All of this means that for your nutrition to support your fitness goals, you can’t just load up on protein at one meal and ditch it at the next. Besides, a recent study published in the American Journal of Clinical Nutrition found that eating more of your daily calories at lunch than at dinner can help with the pursuit of body composition changes. In other words, a big lunch and light dinner may be wise for someone looking to lean out.

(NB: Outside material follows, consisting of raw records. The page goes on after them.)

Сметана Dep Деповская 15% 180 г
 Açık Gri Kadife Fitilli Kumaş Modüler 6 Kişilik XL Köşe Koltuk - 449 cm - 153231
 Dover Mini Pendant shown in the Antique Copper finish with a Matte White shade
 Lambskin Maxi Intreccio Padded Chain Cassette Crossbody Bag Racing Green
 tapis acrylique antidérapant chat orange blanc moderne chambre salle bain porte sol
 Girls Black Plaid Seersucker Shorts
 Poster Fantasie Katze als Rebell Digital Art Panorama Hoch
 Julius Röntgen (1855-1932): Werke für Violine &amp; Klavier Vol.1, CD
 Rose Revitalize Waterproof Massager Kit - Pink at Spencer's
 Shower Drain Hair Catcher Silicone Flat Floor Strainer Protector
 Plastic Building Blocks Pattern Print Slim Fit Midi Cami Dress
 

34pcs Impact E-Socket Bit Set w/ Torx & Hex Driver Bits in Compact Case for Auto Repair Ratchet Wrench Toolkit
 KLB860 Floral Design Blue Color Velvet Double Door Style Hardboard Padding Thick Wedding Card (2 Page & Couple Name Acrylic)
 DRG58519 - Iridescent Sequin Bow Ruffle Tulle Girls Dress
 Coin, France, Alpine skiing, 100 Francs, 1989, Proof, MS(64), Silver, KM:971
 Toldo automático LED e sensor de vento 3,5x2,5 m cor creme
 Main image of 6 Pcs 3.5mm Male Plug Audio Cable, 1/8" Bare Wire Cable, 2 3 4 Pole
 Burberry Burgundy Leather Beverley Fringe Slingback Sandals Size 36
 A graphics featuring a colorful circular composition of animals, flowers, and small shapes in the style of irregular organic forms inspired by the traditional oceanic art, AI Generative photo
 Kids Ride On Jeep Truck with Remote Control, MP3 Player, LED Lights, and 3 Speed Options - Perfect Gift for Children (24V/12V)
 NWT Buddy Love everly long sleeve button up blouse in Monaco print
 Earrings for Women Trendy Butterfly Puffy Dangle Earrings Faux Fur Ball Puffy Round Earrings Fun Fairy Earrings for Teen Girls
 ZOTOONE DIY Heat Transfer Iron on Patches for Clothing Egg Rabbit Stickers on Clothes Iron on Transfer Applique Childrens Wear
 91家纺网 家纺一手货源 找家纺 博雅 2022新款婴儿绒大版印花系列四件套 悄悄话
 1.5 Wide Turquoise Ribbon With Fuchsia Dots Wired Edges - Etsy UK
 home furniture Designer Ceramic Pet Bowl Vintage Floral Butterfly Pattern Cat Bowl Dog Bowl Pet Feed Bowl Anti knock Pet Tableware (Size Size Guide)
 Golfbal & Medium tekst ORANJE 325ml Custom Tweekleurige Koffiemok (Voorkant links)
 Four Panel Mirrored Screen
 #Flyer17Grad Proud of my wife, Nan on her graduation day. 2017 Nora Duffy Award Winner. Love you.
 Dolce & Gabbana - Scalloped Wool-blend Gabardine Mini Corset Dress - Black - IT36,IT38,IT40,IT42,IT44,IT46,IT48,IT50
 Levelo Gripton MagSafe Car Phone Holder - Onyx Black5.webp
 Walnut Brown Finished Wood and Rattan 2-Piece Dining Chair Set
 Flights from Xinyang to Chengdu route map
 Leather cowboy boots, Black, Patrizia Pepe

So say goodbye to wimpy, protein-light salads. A mid-day bowl of leafy greens topped with two ounces of cooked chicken, 1/2 cup of chickpeas and 1/2 cup of quinoa will fill your tummy with sufficient amounts of muscle-sculpting, hunger-quelling protein. 

6:30 p.m.

If you’ve been smart with your protein intake earlier in the day, there’s simply no need to overflow your plate with a Flintstone-sized steak at dinner. The aforementioned concept of chrononutrition suggests that our bodies aren’t as good at efficiently using the calories from macronutrients, including protein, as the sun begins to set.

Too many late-day calories could even drive up the risk for heart disease and frustration during weight-loss efforts. Besides, there is only so much protein that your body can use in one sitting. A study from the University of Texas found that consuming 90 grams of protein at one meal provides no additional benefit regarding muscle protein synthesis as eating a much more modest 30 grams, the amount in about 5 ounces of grilled salmon. Any extra is likely just spillover.

Consider this a good time to more frequently serve up plant-based proteins like tofu and lentils. A study in the Journal of Clinical Endocrinology & Metabolism discovered that eating a plant-based meal for dinner was associated with 10% lower odds of cardiovascular diseases. The study, based on data from 27,911 adults in the US, also showed that individuals who consumed a lot of fatty meats and refined carbohydrates during dinner had greater odds of developing heart health woes.

10:00 p.m.

While late-night snacking is generally frowned upon, reaching for a bit of protein before hitting the hay could benefit your training and physique goals.

Research suggests that consuming about 20 grams of protein at night can increase muscle protein synthesis and improve whole-body protein balance during sleep, especially if this follows up an evening workout. This essentially reduces the window that your body is in a protein-fasted state to maximize your 24-hour muscle-building potential.

A chunk of the research supports that casein protein, found in dairy foods and especially abundant in cottage cheese, is most impactful since it is a slower digesting protein so will trickle amino acids into your system for several hours while you snooze. Consuming this type of protein in the evening may also bump up your morning resting metabolic rate, which could be beneficial for fat loss. So you could spoon up a bowl of cottage cheese or make a small smoothie with casein protein powder as a pre-bed snack. But other protein foods at night such as Greek yogurt or a plant-based protein bar are likely also helpful for muscle health.

And don’t lose sight that most active women need at least 1.2 grams of protein per kilogram of body weight (71 grams for a 130-pound female) in a day. By adding another protein intake opportunity, you might be more likely to reach your daily goal — and we already know that spreading protein intake out throughout the day is a smart move.

Just be aware that late-night protein intake is likely much more beneficial for people who are frequently performing resistance or high-impact training. If yoga and casual strolls in the park are your jam, the need for an extra dose of protein is probably less.